## WORK REQUIRED
All of the records below must be output exactly, with no pictures carried over.

Short text fragments from websites
--- START ---
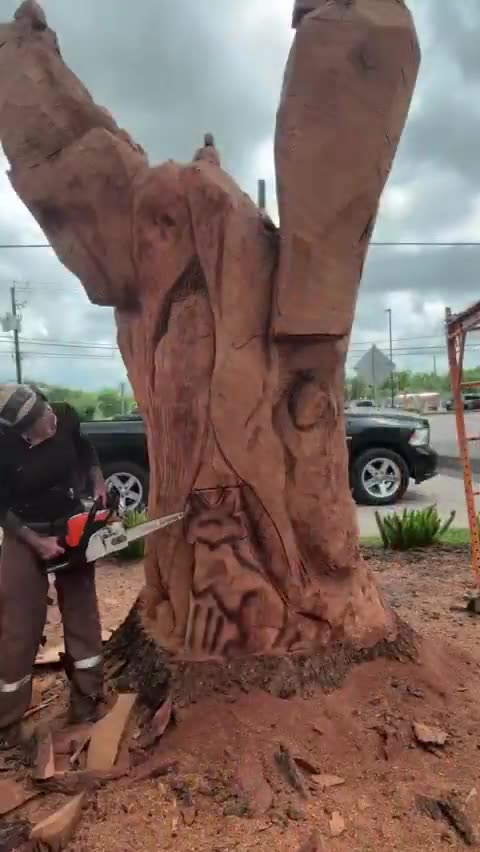 Sculpture always amazes me. Enjoy!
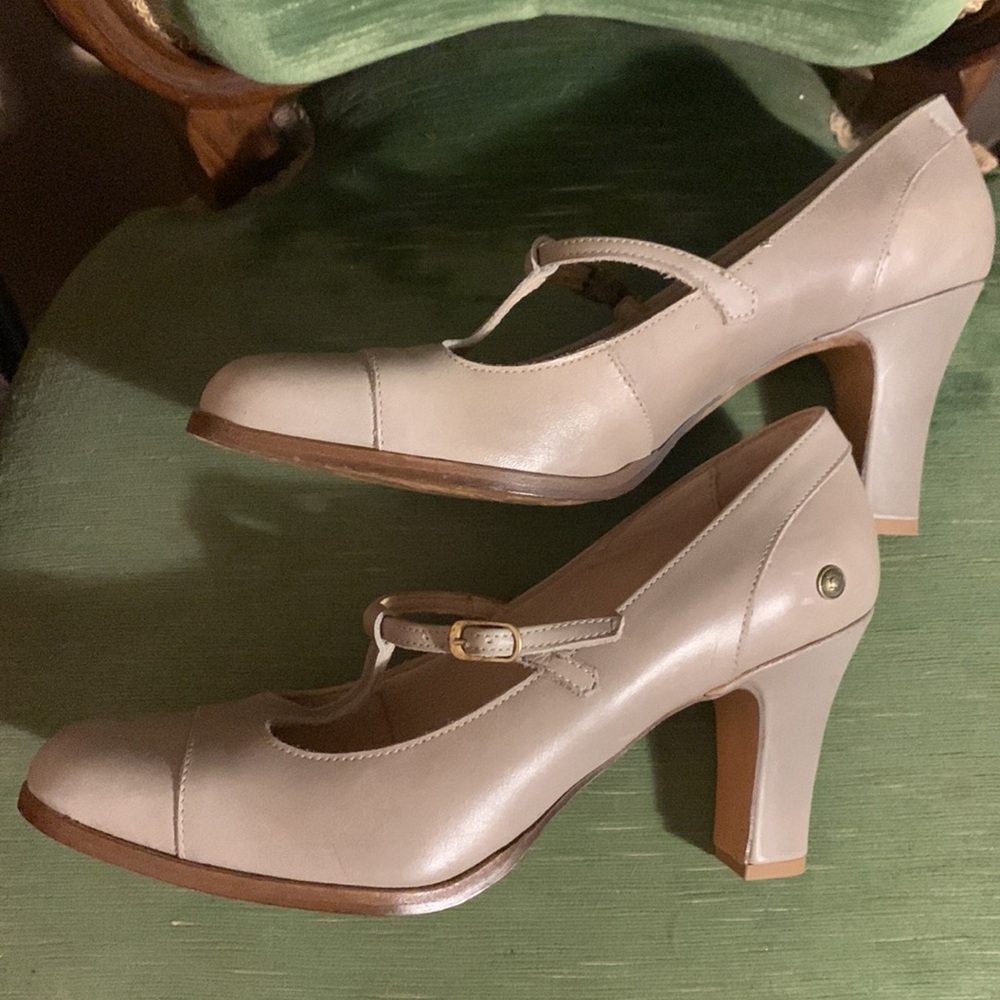 NEOSENS Cream T Strap Leather Mary Janes.  Sz 41 - Picture 5 of 6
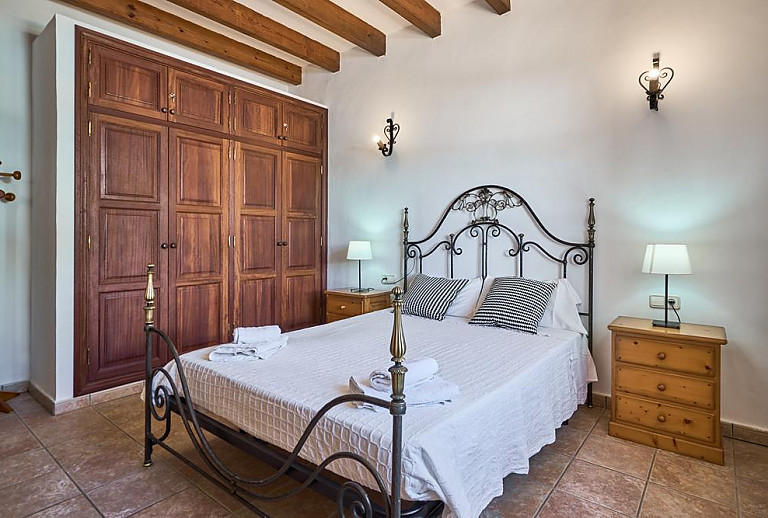 Schlafzimmer mit Doppelbett und Wandschrank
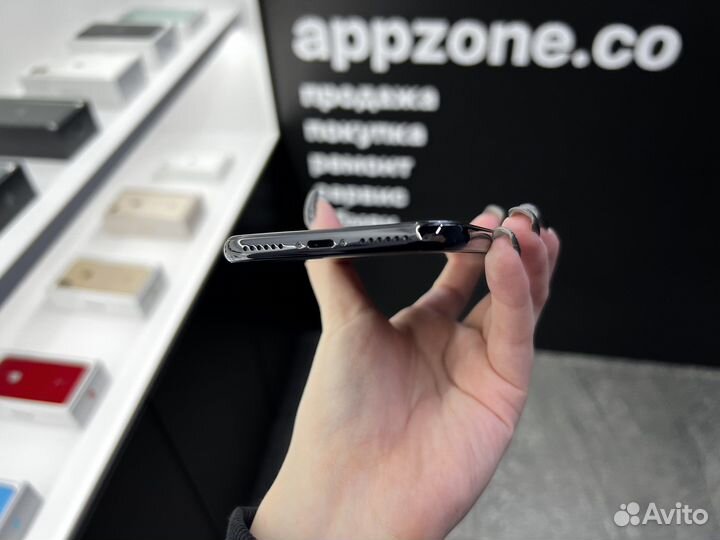 iPhone X, 256 ГБ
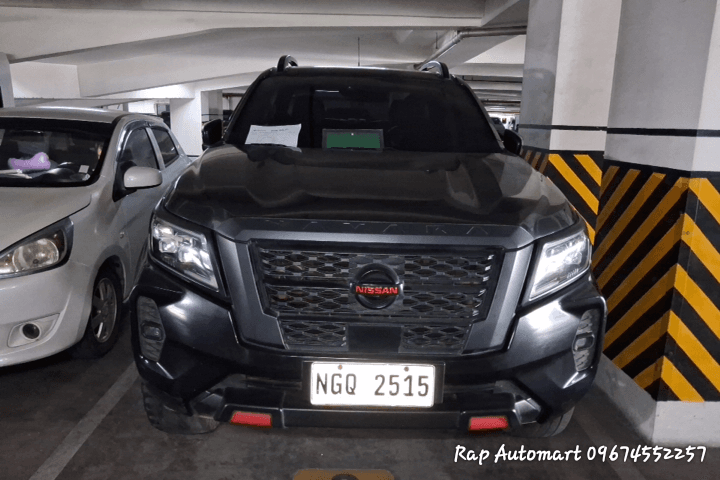 Car gallery image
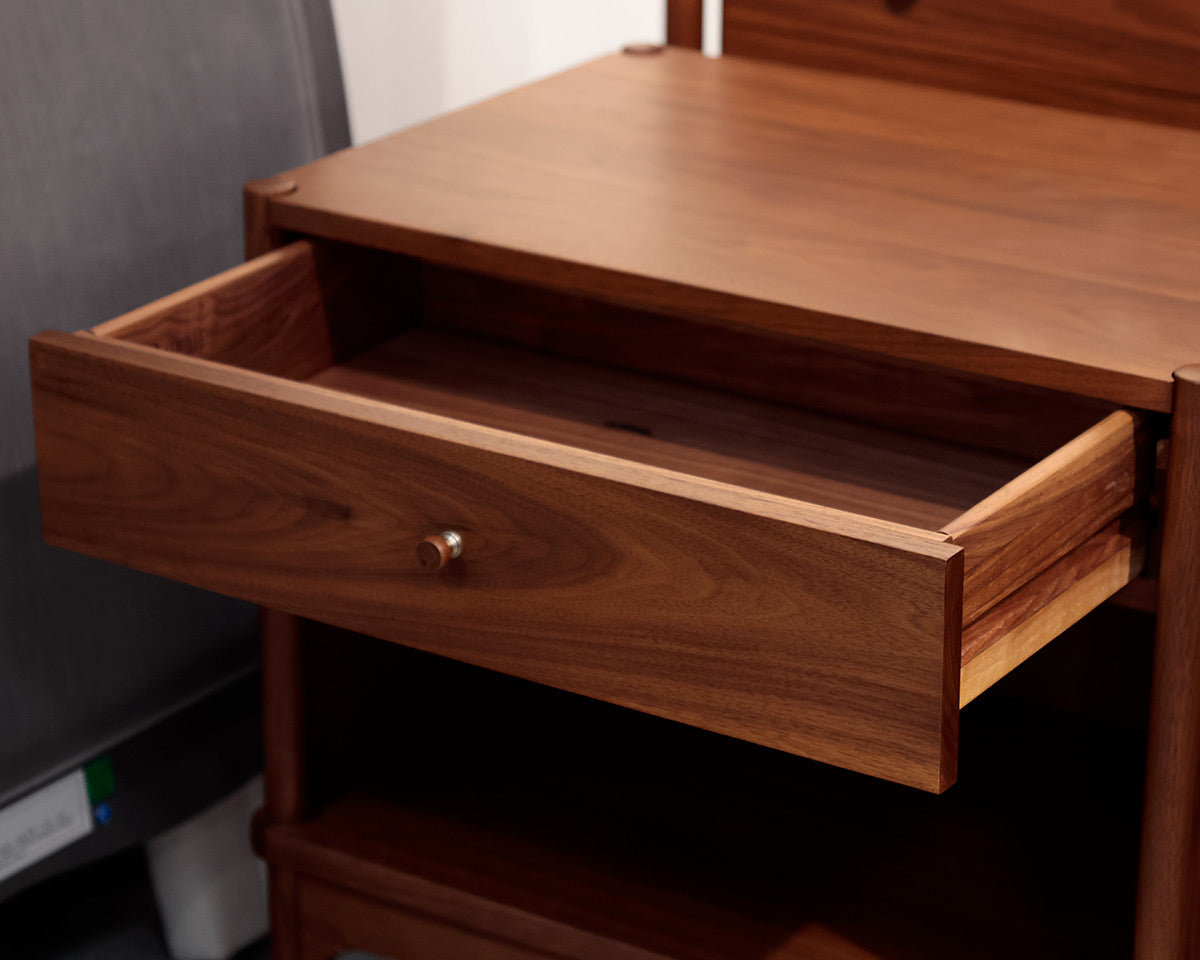 Pair of Stickley 'Walnut Grove' Open Nightstands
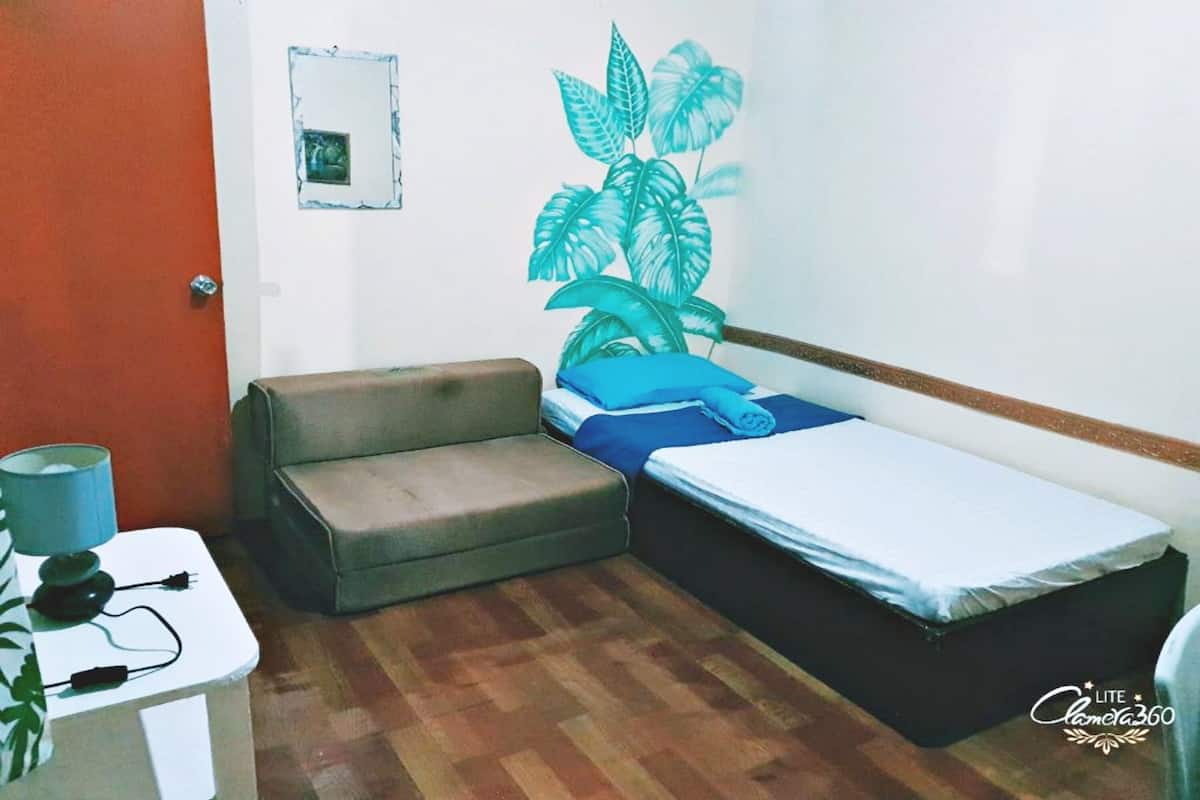 Desk, free WiFi, bed sheets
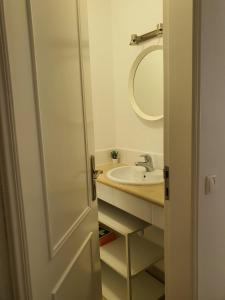 een badkamer met een wastafel en een spiegel bij Real Village in Quarteira
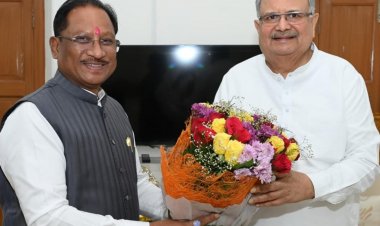 मुख्यमंत्री विष्णु देव साय ने विधानसभा अध्यक्ष डॉ. रमन सिंह से की सौजन्य मुलाकात….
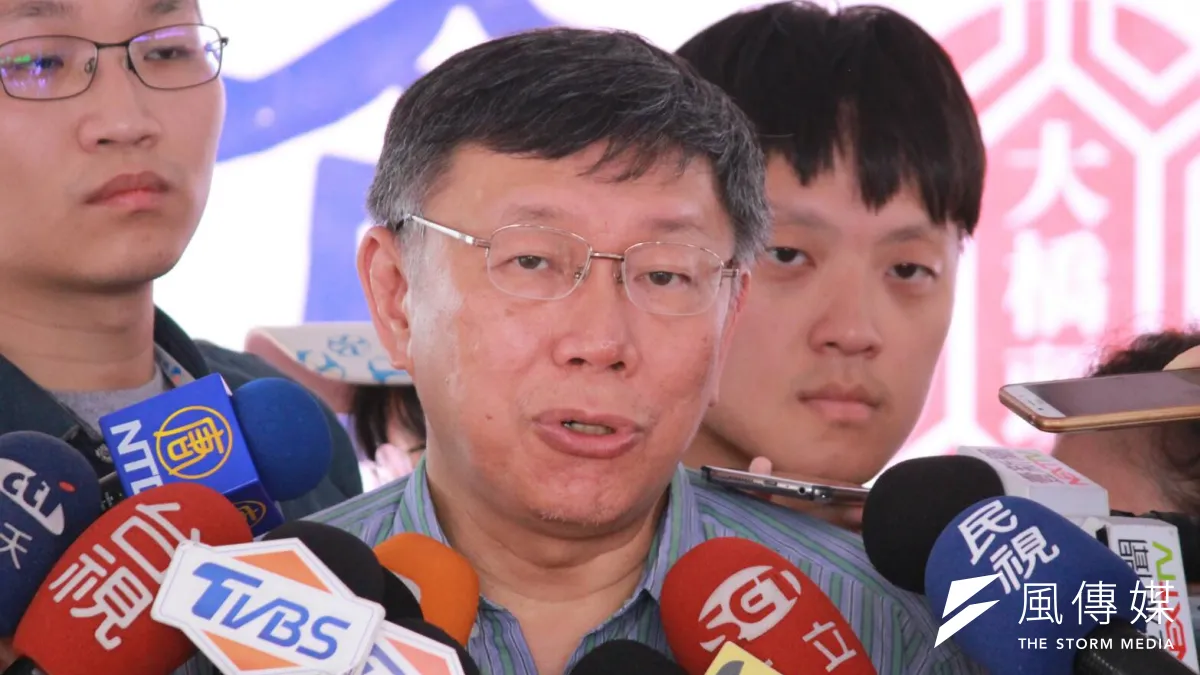 台北市長柯文哲9日上午前往迪化街,出席「台北米食文化節─粿粽傳藝五月飄香」活動。(方炳超攝)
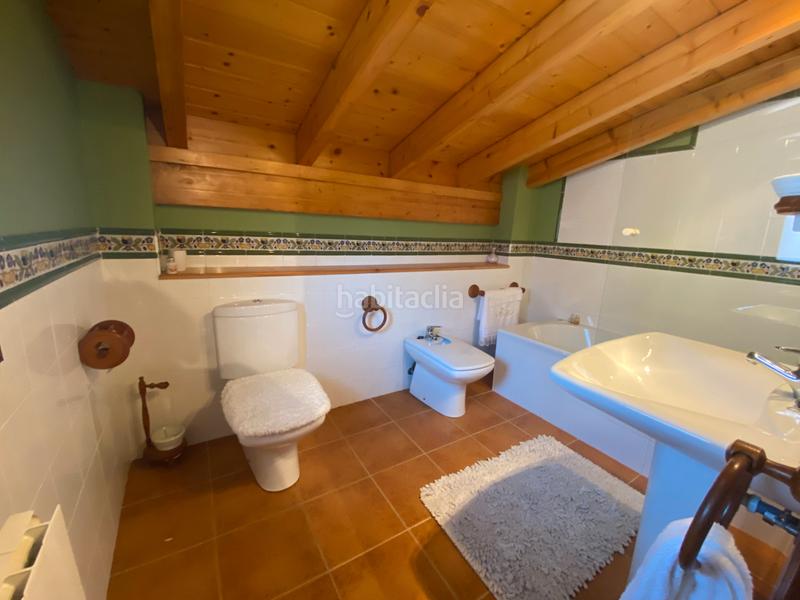 Foto e5616bb8-e2a7-4342-a308-41b7dfc4cb16. Chalet con parcheggio in Samano Castro - Urdiales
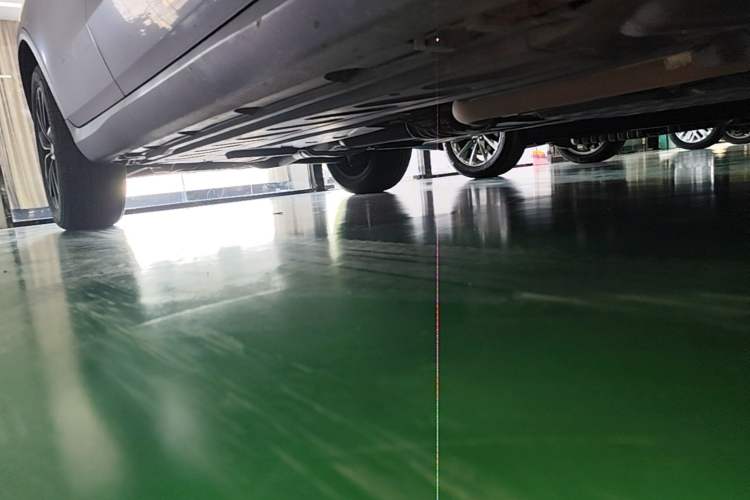 Used Mercedes-Benz GLC 2022 Second Facelift GLC 260 L 4MATIC Luxury Edition Right Side Sill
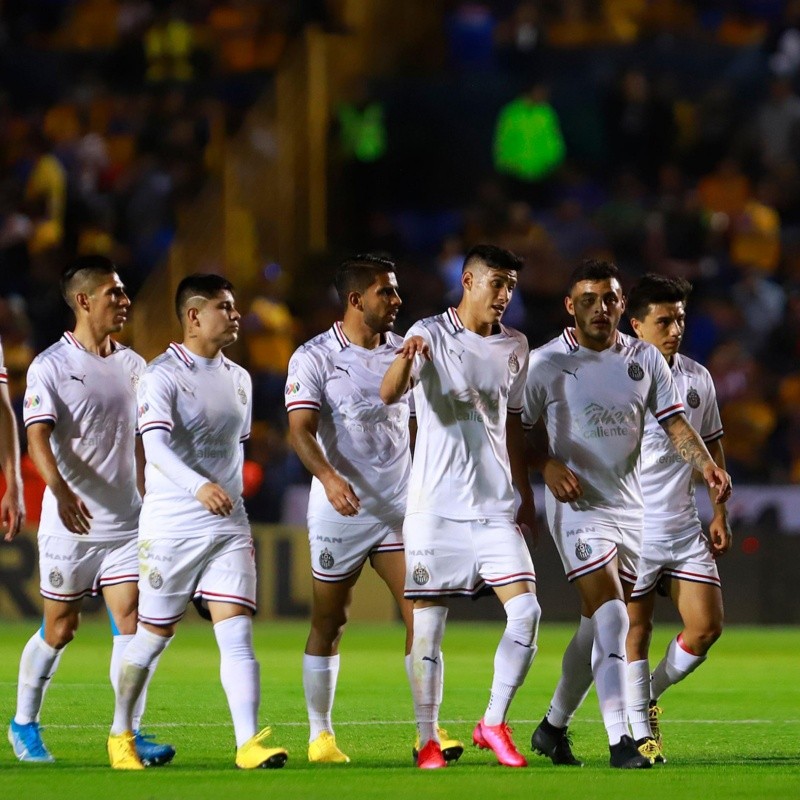 Tras un flojo primer tiempo ante Tigres, los fanáticos de Chivas estallaron contra Luis Fernando Tena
--- END ---
## EXPECTED ANSWER
 Sculpture always amazes me. Enjoy!
 NEOSENS Cream T Strap Leather Mary Janes.  Sz 41 - Picture 5 of 6
 Schlafzimmer mit Doppelbett und Wandschrank
 iPhone X, 256 ГБ
 Car gallery image
 Pair of Stickley 'Walnut Grove' Open Nightstands
 Desk, free WiFi, bed sheets
 een badkamer met een wastafel en een spiegel bij Real Village in Quarteira
 मुख्यमंत्री विष्णु देव साय ने विधानसभा अध्यक्ष डॉ. रमन सिंह से की सौजन्य मुलाकात….
 台北市長柯文哲9日上午前往迪化街,出席「台北米食文化節─粿粽傳藝五月飄香」活動。(方炳超攝)
 Foto e5616bb8-e2a7-4342-a308-41b7dfc4cb16. Chalet con parcheggio in Samano Castro - Urdiales
 Used Mercedes-Benz GLC 2022 Second Facelift GLC 260 L 4MATIC Luxury Edition Right Side Sill
 Tras un flojo primer tiempo ante Tigres, los fanáticos de Chivas estallaron contra Luis Fernando Tena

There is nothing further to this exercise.